Fish Ark Philippines: Direction for the Conservation of Native and Endemic Philippine Freshwater Fishes, a program funded by the Department of Science and Technology (DOST) through the Philippine Council for Aquatic and Marine Research and Development (PCAMRD), with an overall objectives in line with the Philippine Strategy for Biological Conservation, the National Biodiversity Strategy and Action Plan and the Provisions No. 24 of Republic Act 9147 (otherwise known as the Philippine Conservation and Protection Act). The program will also address gaps in our knowledge of the species richness of freshwater aquatic fauna and inland ecosystems, particularly from inland waters.

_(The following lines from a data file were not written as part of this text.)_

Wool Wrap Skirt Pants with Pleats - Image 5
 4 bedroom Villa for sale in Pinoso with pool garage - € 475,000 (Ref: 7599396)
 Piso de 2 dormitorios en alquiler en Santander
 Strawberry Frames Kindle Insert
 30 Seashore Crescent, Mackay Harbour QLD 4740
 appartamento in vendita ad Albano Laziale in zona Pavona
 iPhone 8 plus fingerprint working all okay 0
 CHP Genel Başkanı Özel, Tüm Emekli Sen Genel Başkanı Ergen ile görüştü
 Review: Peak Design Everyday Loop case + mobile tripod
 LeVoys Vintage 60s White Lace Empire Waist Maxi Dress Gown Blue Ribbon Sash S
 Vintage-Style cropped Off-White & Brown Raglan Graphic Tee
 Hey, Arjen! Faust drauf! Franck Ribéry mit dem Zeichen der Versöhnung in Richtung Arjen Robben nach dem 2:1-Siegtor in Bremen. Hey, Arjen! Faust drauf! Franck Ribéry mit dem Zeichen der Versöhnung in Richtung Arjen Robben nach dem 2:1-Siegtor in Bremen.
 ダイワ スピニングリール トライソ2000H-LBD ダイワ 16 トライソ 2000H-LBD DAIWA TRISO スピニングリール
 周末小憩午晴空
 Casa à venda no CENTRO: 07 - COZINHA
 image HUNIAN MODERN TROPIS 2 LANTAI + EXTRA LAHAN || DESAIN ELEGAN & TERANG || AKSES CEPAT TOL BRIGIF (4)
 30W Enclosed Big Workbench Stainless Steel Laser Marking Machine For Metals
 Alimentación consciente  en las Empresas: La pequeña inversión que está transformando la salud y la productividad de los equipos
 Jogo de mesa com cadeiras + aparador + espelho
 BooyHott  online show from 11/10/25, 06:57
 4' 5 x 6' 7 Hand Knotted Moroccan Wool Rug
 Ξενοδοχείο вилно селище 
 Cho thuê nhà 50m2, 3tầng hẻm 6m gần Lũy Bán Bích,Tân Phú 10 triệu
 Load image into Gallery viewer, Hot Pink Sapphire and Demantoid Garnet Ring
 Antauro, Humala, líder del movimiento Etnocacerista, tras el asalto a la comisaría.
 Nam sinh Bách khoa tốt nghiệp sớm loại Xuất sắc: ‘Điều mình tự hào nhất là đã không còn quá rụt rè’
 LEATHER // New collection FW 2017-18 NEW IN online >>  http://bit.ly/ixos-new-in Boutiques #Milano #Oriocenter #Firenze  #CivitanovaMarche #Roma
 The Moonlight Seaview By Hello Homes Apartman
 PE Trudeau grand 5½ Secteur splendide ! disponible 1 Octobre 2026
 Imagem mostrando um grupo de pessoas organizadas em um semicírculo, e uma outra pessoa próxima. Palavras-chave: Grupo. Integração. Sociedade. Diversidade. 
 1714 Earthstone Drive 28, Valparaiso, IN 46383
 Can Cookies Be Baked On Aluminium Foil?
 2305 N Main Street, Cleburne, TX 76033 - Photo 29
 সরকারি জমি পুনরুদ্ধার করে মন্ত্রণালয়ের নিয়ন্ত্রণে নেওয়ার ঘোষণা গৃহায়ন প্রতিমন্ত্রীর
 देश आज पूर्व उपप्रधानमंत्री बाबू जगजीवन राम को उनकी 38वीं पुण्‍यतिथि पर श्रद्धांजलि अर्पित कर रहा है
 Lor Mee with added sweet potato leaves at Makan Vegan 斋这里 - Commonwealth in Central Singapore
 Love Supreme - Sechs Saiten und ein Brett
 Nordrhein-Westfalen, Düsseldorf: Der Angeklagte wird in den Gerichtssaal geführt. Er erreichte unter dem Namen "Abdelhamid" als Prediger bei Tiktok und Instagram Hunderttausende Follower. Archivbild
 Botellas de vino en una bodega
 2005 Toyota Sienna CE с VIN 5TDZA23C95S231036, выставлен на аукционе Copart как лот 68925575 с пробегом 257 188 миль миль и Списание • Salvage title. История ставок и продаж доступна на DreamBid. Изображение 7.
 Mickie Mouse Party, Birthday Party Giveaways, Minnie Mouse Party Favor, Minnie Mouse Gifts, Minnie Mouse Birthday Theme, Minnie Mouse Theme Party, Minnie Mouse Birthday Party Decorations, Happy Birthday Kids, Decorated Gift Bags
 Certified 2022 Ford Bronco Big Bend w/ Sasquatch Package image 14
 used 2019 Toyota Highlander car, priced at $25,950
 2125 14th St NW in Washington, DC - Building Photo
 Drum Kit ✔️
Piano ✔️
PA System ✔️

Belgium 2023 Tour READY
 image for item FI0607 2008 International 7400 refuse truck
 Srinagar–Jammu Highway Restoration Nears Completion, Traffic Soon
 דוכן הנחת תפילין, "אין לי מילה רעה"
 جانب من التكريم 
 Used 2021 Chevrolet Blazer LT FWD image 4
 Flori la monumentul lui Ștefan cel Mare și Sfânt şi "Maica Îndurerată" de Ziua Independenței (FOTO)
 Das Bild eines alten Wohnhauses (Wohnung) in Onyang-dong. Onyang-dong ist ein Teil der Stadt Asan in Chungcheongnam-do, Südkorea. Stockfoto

The main goals of the program are the following: (1) to develop an equip aqua laboratory where threatened and endangered native or endemic freshwater fishes can be provided with safe refuge until such time that adequate and protected natural habitat can be established; (2) to establish a self-sustaining captive breeding program and produce adequate breeding stock as backup populations, and attempt to develop techniques to prepare animals for re-introduction; (3) to document the status of different freshwater species in the wild, and set priorities for species to be conserved or re-introduced; and, (4) to develop information delivery systems that would underscore conservation education and public awareness that can create local support necessary in sustaining re-introduction efforts.

The program has four component projects:
- Component Project I: Survey of Diminutive Freshwater Fishes Indigenous to Isolated Crater Lakes, Mountain Streams and Cataracts in Southern Luzon, Philippines
(Project Leader: Dr. Vachel Gay V. Paller)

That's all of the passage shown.